Table 2 lists the main results of this meta-analysis. A total of 1928 patients with POAG and 1793 unrelated matched controls from the nine studies were included in this meta-analysis. Overall, no significant main effects on POAG susceptibility were observed in the overall population in any of the allelic comparison models (ε2 vs ε3: OR = 1.034, 95% CI = 0.871-1.227; ε4 vs ε3: OR = 1.045, 95% CI = 0.807-1.353) or genotypic comparison models (ε2/2 vs ε3/3: OR = 0.950, 95% CI = 0.482-1.871; ε2/3 vs ε3/3: OR = 0.964, 95% CI = 0.706-1.317; ε4/4 vs ε3/3: OR = 1.339, 95% CI = 0.763-2.350; ε3/4 vs ε3/3: OR = 0.917, 95% CI = 0.637-1.321; ε2/2 + ε2/3 vs ε3/3: OR = 1.025, 95% CI = 0.842-1.248; ε2/2 vs ε3/3+ ε2/3: OR = 0.979, 95% CI = 0.499-1.920; ε3/4 + ε4/4 vs ε3/3: OR = 0.938, 95% CI =0.655-1.342; ε4/4 vs ε3/3 + ε3/4: OR = 1.325, 95% CI = 0.757-2.321). Figure 2A and 2B illustrate the overall meta-analysis of the APOE ε2/ε3/ε4 polymorphism and POAG risk for the allelic comparison models.

Table 2. Determination of the genetic effect of APOE ε2/ε3/ε4 polymorphism on POAG and subgroup analyses.

Genetic Contrasts   Comparisons   Studies   (n) Heterogeneity   test
 Model selected OR(95%CI)
P value   I2
ε2 vs ε3 Overall 9 0.217 25.4 Fixed 1.034 (0.871,1.227)
Caucasian 3 0.23 32 Fixed 1.118 (0.827,1.513)
Asian 5 0.213 31.3 Fixed 1.038 (0.835,1.290)
ε4 vs ε3 Overall 9 0 72.5 Random 0.965(0.700,1.329)
Caucasian 3 0.592 0 Fixed 1.045(0.807,1.353)
Asian 5 0 81.6 Random 0.913(0.540,1.544)
ε2/2 vs ε3/3 Overall 9 0.992 0 Fixed 0.950(0.482,1.871)
Caucasian 3 0.727 0 Fixed 0.870(0.280,2.705)
Asian 5 0.932 0 Fixed 1.046(0.363,3.018)
ε2/3 vs ε3/3 Overall 9 0.037 51.3 Random 0.964(0.706,1.317)
Caucasian 3 0.265 24.7 Fixed 1.092(0.758,1.574)
Asian 5 0.053 57.1 Fixed 1.060(0.830,1.355)

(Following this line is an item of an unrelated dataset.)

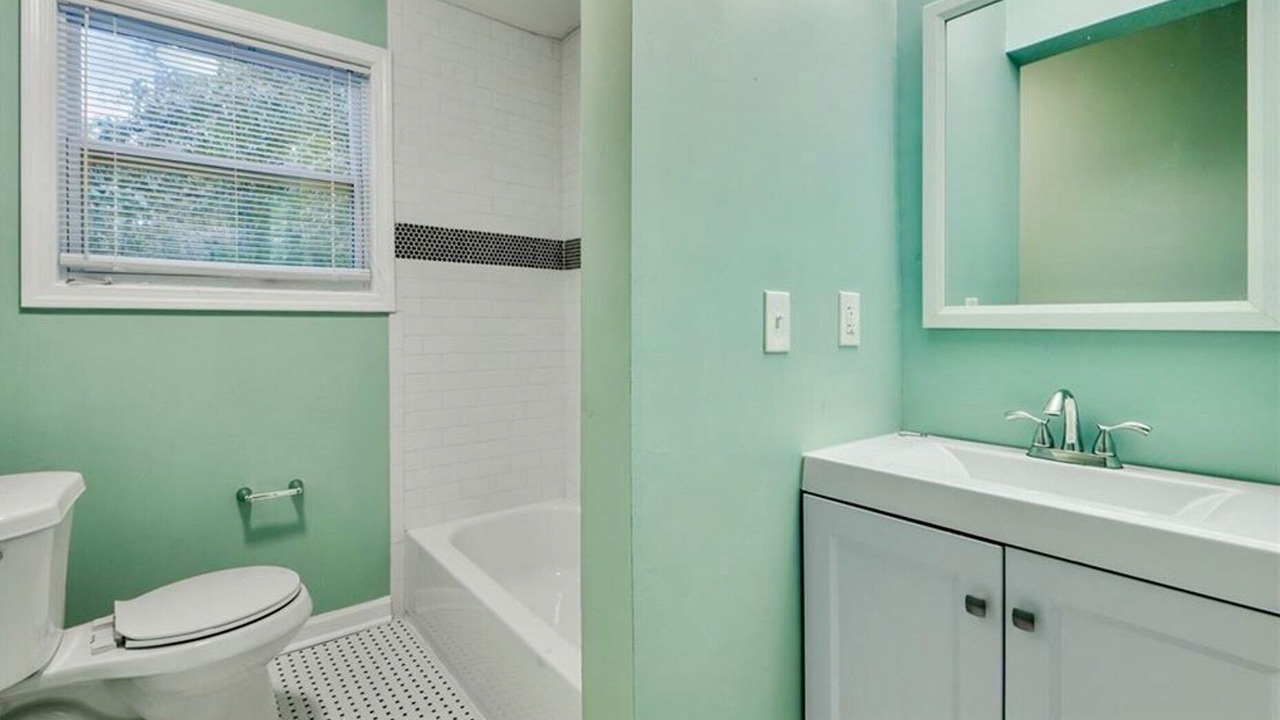 Photo of Bathroom in Capitol View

ε2/2 + ε2/3 vs ε3/3 Overall 9 0.059 46.6 Fixed 1.025(0.842,1.248)
Caucasian 3 0.24 30 Fixed 1.063(0.742,1.523)
Asian 5 0.052 57.5 Fixed 1.062(0.832,1.356)

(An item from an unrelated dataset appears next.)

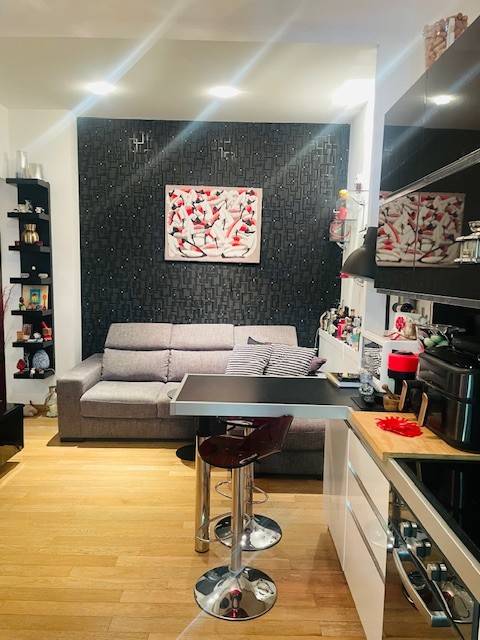 appartamento in vendita a Milano in zona Sempione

ε2/2 vs ε3/3 + ε2/3 Overall 9 0.994 0 Fixed 0.979(0.499,1.920)
Caucasian 3 0.761 0 Fixed 0.858(0.276,2.664)
Asian 5 0.94 0 Fixed 1.028(0.358,2.955)
ε4/4 vs ε3/3 Overall 9 0.641 0 Fixed 1.339(0.763,2.350)

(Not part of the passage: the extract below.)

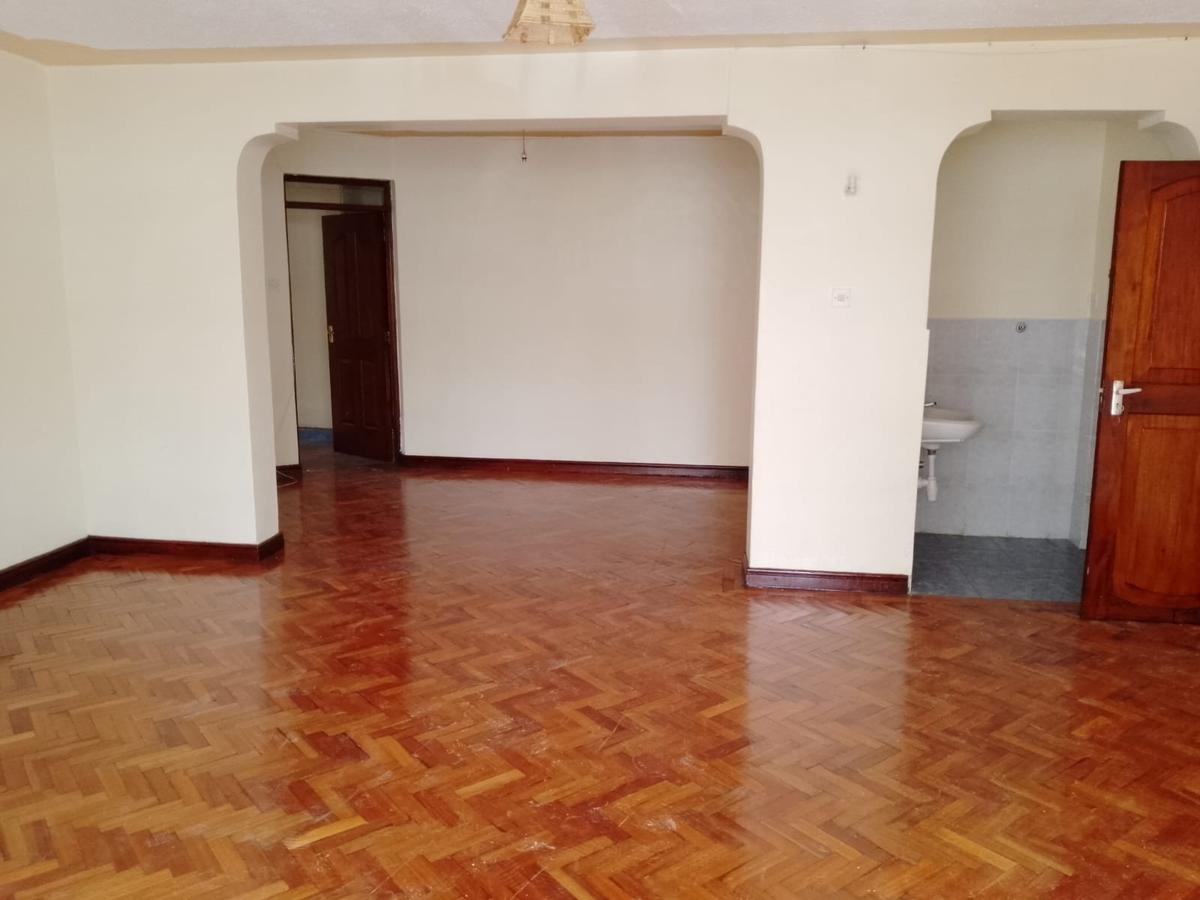 3 Bed Apartment with En Suite in Kilimani - 6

Caucasian 3 0.807 0 Fixed 1.561(0.723,3.375)
Asian 5 0.698 0 Fixed 1.663(0.642,4.309)
ε3/4 vs ε3/3 Overall 9 0.001 69.7 Random 0.917(0.637,1.321)
Caucasian 3 0.839 0 Fixed 0.879(0.635,1.215)
Asian 5 0.001 78.4 Random 0.852(0.491,1.476)
ε3/4 + ε4/4 vs ε3/3 Overall 9 0.001 70.4 Random 0.938(0.655,1.342)
Caucasian 3 0.799 0 Fixed 0.930(0.681,1.270)
Asian 5 0 80.6 Random 0.893(0.503,1.586)
ε4/4 vs ε3/3 + ε3/4 Overall 9 0.621 0 Fixed 1.325(0.757,2.321)
Caucasian 3 0.805 0 Fixed 1.604(0.745,3.453)
Asian 5 0.834 0 Fixed 1.637(0.632,4.236)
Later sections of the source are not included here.